|
From: Nicholas N. <nj...@cs...> - 2005-11-01 16:26:48
|
On Sun, 30 Oct 2005, Julian Seward wrote:
>>>> - To count the number of guest instructions, I count the number of
>>>> Ist_IMark statements executed. Is this the correct approach?
>
> Yes, although you can (optionally) use a different strategy which is
> cheaper. Rather than call add_one_guest_instr each time an IMark
> is passed, make the instrumentation loop increment a counter when
> it passes an IMark. Then, either at the end of the BB or when you
> get to an Ist_Exit, call a (new) fn add_N_guest_instrs and pass it
> the counter. Then reset the counter to zero. In other words,
> call the instruction-counting function once for each piece of
> straight-line code. Cachegrind uses a similar strategy.
Why not just increment the real global counter in-line? As opposed to
incrementing a temporary counter, and periodically adding it to global
counter?
> Depending on what Nick thinks, and your hacking enthusiasm, there is
> something that would make Lackey more useful whilst still being a
> nice simple demo of how to make a tool. That is, generate counts
> for all the following events:
>
> guest instructions
> conditional branches (split into: taken, not taken)
> loads (split into: integer, FP, 64-bit SIMD, 128-bit SIMD)
> stores (split into: integer, FP, 64-bit SIMD, 128-bit SIMD)
> alu ops (split into: integer, FP, 64-bit SIMD, 128-bit SIMD)
>
> Someone on the users list asked for something like this just the
> other day (Christian Stimming, "Fast profiling in valgrind?", 25 Oct).
> Personally I think it'd be a valuable addition.
>
> Not hard to do either: for stores, examine Ist_Store, and use
> typeOfIRExpr(bb->tyenv, st->Ist.Store.data) to get the store type.
> For loads and ALU ops, you only need to look at Ist_Tmp cases
> where the Ist.Tmp.data is either Iex_Load or Iex_{Unop,Binop}.
> All statements you will ever encounter will satisfy isFlatIRStmt
> which essentially constrains them to being flat SSA-style.
I'm happy for Lackey to change. People very often ask how to get the
stream of memory accesses made by a program, I wrote "Dullard" (see
http://www.valgrind.org/downloads/variants.html?njn) to do this, but it's
based on 2.1.2 and so works with UCode.
It would be great if Lackey could give the memory accesses as well as the
info Julian suggested above, so it would serve as a much better example
tool.
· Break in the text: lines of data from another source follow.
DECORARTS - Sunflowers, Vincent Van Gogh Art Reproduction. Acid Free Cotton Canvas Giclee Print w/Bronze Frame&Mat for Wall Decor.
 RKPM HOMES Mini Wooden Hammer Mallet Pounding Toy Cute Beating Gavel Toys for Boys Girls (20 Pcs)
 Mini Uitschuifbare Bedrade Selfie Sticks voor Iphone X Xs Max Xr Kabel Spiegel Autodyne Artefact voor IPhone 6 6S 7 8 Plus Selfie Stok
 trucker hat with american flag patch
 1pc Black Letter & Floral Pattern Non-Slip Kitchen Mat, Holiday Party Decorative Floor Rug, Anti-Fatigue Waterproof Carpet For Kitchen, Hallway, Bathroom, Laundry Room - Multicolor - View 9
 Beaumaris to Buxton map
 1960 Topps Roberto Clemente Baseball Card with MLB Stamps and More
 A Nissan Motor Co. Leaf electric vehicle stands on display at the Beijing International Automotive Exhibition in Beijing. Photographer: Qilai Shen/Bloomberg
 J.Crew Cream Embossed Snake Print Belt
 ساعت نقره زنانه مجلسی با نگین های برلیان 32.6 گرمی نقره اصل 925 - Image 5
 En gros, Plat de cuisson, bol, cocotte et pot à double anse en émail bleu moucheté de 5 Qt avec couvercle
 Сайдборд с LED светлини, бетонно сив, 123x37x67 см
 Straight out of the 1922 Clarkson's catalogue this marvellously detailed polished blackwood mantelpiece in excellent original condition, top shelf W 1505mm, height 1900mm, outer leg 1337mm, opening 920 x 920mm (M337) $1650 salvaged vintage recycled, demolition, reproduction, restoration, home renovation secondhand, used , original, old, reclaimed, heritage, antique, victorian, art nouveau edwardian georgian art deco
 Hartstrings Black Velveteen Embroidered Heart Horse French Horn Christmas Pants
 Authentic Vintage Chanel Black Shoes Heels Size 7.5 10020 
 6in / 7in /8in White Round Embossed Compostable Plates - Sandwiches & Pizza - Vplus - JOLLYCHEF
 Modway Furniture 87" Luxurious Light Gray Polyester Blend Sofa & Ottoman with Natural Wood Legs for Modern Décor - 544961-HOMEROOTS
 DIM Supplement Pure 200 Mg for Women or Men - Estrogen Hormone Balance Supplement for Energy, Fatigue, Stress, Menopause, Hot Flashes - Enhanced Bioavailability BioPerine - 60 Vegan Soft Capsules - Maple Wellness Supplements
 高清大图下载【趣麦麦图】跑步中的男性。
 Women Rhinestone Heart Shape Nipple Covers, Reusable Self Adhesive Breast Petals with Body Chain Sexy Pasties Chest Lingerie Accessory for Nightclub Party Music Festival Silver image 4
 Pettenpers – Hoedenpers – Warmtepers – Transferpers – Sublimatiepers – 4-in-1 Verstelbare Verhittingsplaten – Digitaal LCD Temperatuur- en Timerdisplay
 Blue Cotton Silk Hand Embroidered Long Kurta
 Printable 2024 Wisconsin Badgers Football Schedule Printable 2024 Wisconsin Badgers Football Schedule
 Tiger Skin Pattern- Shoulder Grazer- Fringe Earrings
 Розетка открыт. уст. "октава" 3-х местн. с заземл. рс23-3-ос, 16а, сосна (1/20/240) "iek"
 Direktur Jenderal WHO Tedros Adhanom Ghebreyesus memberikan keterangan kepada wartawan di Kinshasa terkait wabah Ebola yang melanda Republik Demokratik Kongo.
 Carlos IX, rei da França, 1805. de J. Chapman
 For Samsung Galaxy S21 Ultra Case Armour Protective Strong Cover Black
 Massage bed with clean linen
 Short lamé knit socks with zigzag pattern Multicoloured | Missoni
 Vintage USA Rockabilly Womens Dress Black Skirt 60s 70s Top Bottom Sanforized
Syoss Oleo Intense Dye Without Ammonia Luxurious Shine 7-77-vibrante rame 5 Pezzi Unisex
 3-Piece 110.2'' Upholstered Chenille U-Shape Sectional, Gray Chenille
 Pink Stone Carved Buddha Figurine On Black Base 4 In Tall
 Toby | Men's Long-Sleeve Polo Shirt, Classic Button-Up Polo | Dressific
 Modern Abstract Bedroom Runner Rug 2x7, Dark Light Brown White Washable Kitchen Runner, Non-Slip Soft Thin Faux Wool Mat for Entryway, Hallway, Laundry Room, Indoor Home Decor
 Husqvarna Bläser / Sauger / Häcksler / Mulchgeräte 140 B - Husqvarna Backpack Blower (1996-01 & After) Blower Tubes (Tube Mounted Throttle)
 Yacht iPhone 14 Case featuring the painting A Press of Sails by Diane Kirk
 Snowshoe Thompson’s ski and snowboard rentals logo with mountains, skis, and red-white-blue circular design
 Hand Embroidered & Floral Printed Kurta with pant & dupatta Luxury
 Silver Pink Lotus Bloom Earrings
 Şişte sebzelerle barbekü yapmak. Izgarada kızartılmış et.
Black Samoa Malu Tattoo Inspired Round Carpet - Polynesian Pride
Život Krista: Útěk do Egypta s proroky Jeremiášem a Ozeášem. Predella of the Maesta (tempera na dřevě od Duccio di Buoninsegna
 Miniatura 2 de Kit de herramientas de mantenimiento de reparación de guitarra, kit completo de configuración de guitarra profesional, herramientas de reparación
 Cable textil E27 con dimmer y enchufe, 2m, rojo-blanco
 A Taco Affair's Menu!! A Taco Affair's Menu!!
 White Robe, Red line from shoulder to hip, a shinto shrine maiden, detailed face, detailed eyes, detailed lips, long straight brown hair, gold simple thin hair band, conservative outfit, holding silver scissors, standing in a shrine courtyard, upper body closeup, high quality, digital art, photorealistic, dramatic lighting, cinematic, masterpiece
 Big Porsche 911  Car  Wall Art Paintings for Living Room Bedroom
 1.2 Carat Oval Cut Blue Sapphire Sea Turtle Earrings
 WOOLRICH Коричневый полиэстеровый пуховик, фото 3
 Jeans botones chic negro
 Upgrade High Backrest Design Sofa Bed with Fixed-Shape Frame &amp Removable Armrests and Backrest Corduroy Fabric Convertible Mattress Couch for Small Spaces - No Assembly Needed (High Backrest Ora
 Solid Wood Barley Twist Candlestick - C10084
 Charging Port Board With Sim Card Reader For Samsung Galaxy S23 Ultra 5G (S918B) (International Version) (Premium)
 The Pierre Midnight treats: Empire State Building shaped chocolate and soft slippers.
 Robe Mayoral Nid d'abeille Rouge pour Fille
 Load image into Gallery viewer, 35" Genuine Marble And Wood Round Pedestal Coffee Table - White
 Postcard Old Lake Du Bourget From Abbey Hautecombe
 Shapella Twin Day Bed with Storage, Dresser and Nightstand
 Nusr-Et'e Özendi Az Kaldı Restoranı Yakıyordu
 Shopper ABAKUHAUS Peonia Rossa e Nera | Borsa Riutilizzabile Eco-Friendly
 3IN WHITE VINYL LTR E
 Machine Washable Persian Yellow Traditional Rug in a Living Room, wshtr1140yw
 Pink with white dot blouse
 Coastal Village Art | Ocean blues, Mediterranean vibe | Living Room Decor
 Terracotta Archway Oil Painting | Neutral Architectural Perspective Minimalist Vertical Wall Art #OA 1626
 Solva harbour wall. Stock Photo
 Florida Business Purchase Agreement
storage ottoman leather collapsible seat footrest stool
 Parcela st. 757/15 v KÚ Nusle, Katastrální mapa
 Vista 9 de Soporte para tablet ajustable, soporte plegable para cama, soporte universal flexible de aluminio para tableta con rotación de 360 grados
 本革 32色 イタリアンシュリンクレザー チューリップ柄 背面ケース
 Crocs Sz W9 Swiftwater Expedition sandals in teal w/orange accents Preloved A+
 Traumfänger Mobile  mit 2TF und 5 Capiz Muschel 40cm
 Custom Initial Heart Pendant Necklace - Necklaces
Ideally the different bits of functionality (getting instruction
counts, getting memory access traces) would be clearly delineated so that
people could chop out the bits they don't need easily... perhaps having
various options like --trace-mem-accesses, --do-instr-counts, etc, would
make this obvious.
As for efficiency, it might be best to keep things simple -- eg. one C
call per IMark -- but have comments that briefly describe how things might
be done more efficiently.
Nick
|